L’Observatoire Des Cadres recevait hier Philippe LORINO (professeur à l’ESSEC) et Michel SAILLY (ergonome chez RENAULT) pour évoquer le « détournement » du lean management. Pourquoi revenir sur une mode déjà présente dans les années 1980 ? Et surtout pourquoi ces mêmes outils seraient-ils maintenant utilisés de façon « détournés », en négligeant la complexité des processus et en oubliant la nécessaire liberté des opérateurs sur leur poste de travail ?

14101501

Michel SAILLY nous présente l’organisation du travail chez RENAULT avec ces nombreux sigles CUET, SPR, QRPC, JAT, QC, MPM… pas toujours faciles à comprendre pour les opérateurs. Beaucoup d’échanges autour du rôle du manageur de proximité, le CUET :
– le pouvoir qu’il détient sur son Unité Elementaire de Travail et ses 20 collaborateurs par rapport aux services méthode, conception,
– les différences de posture managériales entre la France (RENAULT) et le Japon (NISSAN)
Les choses continuent à bouger avec la mise en place de travailleur référent dans chaque unité élémentaire de travail pour redonner la parole au terrain. Une expérimentation en cours sur quelques sites, accompagnée par des universitaires, qui devrait probablement déboucher sur un accord de méthode au niveau du groupe.

 14101503

Philippe LORINO reprend l’historique des grandes idées qui ont structuré l’organisation du travail. Les idées de base du lean étaient déjà présentes chez Shewart (BELL LABS) en 1939, convaincu que l’on n’apprend qu’en faisant et que l’optimisation par le calcul n’est pas suffisante. Suivi de Deming qui invitait chaque opérateur à réfléchir sur ses propres actions : Plan Do Study Act plutôt que Plan Do Check Act. Ce qui revient aussi à faire la différence entre « doing the right things » et « doing things right ». On oublie trop souvent l’importance du slack organisationnel, de ne pas surcharger les systèmes de production au delà du seuil de 80% de taux moyen d’utilisation des capacités à partir duquel le moindre aléa peut provoquer un chaos généralisé.

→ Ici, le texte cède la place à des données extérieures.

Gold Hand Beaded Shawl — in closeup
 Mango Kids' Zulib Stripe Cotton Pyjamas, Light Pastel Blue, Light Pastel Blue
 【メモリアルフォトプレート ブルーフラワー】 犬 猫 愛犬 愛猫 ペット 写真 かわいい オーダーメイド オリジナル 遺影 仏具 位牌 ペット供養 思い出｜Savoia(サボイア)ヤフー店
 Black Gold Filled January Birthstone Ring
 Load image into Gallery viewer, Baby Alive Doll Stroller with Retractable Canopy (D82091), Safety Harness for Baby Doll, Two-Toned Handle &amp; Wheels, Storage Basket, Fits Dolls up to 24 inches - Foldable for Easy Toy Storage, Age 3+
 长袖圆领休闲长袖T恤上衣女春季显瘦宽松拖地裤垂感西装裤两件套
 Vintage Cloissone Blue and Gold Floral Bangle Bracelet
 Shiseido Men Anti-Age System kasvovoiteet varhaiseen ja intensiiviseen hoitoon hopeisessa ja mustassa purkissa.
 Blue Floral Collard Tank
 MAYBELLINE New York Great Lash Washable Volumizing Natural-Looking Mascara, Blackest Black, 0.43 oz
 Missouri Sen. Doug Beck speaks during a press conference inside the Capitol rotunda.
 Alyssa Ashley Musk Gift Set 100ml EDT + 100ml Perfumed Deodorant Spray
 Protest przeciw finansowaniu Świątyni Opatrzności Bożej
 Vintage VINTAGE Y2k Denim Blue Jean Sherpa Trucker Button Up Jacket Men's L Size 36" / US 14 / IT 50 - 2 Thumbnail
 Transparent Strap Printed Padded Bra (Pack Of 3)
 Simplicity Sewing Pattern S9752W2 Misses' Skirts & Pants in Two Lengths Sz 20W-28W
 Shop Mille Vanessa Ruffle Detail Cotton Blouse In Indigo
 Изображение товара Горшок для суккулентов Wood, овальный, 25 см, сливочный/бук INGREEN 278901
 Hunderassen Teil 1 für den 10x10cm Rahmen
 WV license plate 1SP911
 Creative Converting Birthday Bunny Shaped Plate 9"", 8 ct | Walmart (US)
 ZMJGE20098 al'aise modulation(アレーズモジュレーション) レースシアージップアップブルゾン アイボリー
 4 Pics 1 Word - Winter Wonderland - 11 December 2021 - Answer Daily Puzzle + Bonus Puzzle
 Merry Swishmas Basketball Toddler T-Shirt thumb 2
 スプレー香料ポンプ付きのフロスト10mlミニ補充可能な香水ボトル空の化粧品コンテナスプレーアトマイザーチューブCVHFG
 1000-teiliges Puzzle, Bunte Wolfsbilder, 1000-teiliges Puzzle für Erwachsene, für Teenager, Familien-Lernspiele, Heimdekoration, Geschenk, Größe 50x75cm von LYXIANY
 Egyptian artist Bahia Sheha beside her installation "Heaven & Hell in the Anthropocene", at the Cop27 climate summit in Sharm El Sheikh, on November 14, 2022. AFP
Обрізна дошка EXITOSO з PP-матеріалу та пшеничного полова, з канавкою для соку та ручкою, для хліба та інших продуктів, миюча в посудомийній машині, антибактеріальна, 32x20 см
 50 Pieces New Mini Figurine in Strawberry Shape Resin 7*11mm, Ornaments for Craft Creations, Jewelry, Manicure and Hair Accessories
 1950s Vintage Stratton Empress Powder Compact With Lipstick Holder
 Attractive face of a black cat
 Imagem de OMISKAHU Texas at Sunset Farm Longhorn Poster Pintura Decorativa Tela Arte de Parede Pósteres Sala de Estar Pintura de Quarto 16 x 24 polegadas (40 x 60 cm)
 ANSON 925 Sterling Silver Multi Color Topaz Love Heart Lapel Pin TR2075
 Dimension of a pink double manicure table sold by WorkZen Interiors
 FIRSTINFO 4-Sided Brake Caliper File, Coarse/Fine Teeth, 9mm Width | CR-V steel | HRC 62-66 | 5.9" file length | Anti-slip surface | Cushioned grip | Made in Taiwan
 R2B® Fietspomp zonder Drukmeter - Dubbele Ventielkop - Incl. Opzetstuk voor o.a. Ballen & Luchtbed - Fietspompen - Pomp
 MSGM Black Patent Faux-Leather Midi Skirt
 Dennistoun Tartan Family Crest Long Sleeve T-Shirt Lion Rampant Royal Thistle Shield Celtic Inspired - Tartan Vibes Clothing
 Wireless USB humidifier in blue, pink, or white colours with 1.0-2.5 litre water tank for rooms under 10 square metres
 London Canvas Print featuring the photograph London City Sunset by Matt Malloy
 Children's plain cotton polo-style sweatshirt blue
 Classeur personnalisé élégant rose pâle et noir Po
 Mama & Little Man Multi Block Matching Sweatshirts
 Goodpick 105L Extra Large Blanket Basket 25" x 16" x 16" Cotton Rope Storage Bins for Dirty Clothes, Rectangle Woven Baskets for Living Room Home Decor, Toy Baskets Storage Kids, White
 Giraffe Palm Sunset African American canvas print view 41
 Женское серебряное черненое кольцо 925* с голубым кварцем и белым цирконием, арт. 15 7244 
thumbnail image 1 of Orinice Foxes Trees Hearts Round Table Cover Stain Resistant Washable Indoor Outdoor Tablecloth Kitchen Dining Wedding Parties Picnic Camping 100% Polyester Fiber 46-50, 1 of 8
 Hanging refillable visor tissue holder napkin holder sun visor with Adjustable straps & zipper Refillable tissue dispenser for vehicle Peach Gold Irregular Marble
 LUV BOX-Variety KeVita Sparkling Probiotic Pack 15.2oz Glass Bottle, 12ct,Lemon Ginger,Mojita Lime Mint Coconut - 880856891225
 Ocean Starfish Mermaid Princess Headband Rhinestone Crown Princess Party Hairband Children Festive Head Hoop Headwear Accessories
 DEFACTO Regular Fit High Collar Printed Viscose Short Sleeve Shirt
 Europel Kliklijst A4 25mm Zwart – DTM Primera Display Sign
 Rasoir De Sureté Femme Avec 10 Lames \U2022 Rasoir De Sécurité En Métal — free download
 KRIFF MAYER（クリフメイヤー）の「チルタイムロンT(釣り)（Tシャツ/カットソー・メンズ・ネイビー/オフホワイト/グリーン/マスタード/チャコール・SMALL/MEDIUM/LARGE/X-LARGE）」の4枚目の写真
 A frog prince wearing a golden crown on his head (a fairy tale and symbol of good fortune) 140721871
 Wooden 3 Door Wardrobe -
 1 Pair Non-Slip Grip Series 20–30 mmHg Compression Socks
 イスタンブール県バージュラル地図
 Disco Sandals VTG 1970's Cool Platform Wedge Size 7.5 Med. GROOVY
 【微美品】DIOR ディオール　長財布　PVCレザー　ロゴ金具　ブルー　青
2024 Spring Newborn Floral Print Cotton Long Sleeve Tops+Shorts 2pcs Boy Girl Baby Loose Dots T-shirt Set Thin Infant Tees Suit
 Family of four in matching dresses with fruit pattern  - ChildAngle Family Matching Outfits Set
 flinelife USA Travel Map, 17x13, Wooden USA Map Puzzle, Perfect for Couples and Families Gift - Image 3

Personnellement je pense que depuis quelques décennies deux tendances importantes, valables pour quasiment toutes les organisations, peuvent expliquer le fait que le déploiement de ces outils de lean se fasse maintenant de façon sensiblement différente par rapport aux années 1980 :

  • la mise en place des ERP, SIRH et des pratiques de reporting intensives

  • l’apparition des normes d’assurance qualité autour de l’ISO 9000

Les invités de l’ODC semblent en phase avec mes remarques puisque Philippe LORINO nous alerte sur « les chiffres qui trop souvent ne sont plus qu’une image substitutive d’une réalité complexe » et que Michel SAILLY nous avoue que RENAULT a parfois du mal à gérer la cohérence entre les trop nombreux audits, amenant certains responsables opérationnels à dénoncer un quasi « délitement du concret ».